__Extracted records__
= = = =

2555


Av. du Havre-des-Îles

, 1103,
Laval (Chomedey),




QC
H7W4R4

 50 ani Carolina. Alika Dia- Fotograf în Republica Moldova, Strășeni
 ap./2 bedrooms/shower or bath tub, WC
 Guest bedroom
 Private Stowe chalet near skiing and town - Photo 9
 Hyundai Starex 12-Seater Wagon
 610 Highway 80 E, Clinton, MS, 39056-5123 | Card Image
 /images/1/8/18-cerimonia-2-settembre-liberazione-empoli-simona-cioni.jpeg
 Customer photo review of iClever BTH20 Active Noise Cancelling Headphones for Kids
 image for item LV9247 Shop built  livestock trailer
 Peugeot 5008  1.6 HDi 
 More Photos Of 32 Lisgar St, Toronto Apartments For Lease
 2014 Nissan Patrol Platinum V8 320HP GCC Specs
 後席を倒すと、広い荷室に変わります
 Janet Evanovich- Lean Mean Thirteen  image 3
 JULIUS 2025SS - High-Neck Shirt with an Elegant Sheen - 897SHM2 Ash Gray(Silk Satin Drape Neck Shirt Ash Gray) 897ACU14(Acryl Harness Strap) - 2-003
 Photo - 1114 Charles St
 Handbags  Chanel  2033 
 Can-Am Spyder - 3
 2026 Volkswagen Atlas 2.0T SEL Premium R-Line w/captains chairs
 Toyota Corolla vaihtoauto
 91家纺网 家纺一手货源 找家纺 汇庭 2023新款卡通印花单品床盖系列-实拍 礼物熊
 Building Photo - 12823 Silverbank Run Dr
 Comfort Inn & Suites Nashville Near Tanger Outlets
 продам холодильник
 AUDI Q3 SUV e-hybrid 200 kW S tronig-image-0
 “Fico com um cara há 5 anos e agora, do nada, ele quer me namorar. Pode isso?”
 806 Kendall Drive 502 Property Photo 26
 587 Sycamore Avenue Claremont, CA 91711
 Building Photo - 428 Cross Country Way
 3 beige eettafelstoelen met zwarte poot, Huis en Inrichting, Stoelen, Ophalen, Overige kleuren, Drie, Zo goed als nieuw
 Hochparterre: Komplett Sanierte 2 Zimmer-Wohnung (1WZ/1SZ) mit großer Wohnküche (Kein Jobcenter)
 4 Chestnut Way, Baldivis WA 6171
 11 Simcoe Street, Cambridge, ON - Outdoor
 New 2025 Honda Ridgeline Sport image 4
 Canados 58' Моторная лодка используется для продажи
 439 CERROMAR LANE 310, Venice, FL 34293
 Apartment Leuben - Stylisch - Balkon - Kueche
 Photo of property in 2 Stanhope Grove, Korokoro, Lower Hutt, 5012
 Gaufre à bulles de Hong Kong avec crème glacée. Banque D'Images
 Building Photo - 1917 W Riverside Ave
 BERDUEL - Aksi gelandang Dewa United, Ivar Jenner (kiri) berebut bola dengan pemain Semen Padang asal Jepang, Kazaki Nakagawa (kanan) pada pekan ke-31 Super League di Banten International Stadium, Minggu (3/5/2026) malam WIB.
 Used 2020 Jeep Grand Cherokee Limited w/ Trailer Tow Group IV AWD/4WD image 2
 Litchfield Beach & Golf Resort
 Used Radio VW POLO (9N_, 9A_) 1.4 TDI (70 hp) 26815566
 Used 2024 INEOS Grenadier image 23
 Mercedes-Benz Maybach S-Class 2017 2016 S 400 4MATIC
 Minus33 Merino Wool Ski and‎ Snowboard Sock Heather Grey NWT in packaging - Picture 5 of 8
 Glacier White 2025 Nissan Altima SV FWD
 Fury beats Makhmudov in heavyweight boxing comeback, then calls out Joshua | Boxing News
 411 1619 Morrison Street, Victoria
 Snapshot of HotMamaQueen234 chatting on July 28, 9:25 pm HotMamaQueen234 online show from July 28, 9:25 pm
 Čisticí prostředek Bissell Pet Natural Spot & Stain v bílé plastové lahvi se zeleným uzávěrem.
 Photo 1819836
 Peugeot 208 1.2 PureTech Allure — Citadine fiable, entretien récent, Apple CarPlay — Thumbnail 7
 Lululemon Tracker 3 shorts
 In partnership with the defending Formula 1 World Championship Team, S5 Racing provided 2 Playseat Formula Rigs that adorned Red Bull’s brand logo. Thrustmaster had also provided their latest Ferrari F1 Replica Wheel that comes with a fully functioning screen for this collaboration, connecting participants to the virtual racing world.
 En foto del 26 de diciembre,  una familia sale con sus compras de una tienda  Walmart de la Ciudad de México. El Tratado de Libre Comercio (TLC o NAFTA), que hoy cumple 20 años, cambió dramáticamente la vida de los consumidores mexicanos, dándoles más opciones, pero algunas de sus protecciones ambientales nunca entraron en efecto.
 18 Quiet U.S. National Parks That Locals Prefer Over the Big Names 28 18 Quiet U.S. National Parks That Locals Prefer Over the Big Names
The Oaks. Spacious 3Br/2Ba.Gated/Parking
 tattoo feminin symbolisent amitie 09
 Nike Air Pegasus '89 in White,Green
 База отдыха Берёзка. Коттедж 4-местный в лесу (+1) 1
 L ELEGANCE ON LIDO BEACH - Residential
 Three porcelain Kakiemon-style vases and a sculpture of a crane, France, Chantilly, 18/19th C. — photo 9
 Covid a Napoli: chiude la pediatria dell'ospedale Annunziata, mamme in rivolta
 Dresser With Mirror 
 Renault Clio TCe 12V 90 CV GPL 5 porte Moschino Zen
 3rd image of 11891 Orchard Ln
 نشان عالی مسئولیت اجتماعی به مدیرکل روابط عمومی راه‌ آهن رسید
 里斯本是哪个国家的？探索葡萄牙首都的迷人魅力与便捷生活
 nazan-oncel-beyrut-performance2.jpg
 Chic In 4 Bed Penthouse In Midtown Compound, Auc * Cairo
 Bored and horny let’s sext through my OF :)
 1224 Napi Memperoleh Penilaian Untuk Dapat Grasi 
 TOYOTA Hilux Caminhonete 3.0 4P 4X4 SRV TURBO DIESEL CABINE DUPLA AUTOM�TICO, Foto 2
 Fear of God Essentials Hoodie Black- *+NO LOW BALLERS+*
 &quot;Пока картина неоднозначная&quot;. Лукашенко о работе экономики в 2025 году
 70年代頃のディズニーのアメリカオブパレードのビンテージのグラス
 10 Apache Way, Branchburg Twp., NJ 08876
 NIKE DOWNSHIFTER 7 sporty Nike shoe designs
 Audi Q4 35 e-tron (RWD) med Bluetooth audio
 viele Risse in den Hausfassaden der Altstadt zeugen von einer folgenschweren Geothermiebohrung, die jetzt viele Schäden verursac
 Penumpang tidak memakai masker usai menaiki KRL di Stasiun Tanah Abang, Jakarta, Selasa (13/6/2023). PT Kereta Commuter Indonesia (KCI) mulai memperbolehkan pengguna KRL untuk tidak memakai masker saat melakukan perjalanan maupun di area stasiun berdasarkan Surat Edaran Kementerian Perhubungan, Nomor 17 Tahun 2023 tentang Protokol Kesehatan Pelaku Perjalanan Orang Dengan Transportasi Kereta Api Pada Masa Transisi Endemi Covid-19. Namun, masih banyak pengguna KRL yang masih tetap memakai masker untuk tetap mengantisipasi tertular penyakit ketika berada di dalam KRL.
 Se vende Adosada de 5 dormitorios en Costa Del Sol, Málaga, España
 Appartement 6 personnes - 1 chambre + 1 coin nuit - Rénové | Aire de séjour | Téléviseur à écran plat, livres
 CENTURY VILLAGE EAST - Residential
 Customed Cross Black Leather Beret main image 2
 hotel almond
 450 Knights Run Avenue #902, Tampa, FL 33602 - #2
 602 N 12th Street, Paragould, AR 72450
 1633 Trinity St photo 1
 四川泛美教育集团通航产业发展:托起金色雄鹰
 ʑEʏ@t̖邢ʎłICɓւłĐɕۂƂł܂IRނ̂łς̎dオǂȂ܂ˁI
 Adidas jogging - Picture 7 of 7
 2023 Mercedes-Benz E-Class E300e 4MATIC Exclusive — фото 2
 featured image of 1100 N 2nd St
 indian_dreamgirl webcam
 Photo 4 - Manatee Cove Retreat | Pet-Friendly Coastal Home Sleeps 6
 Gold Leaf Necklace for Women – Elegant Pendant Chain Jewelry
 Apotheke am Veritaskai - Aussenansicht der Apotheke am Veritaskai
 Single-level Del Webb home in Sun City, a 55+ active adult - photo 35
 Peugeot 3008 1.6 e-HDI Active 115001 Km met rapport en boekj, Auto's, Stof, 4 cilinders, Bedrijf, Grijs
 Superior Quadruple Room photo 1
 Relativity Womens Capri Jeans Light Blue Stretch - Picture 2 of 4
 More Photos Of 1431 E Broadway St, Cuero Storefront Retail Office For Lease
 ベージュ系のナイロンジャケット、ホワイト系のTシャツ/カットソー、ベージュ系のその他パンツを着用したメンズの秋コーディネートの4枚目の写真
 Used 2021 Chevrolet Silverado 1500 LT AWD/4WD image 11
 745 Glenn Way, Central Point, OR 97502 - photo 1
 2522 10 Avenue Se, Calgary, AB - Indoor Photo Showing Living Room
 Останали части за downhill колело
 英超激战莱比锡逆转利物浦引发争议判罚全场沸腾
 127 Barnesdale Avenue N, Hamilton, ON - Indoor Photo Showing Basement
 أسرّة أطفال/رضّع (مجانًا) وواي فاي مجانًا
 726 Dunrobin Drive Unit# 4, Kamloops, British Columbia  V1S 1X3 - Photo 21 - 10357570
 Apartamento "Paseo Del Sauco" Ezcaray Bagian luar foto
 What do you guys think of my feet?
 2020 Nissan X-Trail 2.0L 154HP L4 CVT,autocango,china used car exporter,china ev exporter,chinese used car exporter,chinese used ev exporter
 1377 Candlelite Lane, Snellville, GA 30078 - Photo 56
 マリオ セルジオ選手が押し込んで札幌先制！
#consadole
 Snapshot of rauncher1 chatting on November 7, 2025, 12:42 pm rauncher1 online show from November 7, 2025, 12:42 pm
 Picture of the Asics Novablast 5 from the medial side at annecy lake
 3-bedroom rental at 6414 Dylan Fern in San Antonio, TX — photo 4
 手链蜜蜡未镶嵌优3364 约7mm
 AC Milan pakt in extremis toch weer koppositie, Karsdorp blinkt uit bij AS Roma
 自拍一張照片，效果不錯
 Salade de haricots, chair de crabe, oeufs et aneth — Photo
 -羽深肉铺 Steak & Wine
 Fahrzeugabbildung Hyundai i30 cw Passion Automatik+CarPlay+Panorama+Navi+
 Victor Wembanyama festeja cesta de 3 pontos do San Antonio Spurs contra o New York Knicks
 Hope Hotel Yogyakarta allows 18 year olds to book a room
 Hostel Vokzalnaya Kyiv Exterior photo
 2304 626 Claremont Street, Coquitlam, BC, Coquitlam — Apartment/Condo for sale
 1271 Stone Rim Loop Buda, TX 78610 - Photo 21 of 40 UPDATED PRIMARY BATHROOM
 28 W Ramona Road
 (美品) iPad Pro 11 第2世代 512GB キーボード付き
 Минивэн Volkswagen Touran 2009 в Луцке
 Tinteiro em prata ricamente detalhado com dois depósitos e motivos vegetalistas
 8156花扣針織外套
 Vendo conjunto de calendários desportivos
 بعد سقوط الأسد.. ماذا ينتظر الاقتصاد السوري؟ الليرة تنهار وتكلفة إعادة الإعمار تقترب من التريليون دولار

= = = =

__Your instructions__
Using the listing above, pick out each line that contains the word "Snapshot", then copy it.

__Your response__
 Snapshot of HotMamaQueen234 chatting on July 28, 9:25 pm HotMamaQueen234 online show from July 28, 9:25 pm
 Snapshot of rauncher1 chatting on November 7, 2025, 12:42 pm rauncher1 online show from November 7, 2025, 12:42 pm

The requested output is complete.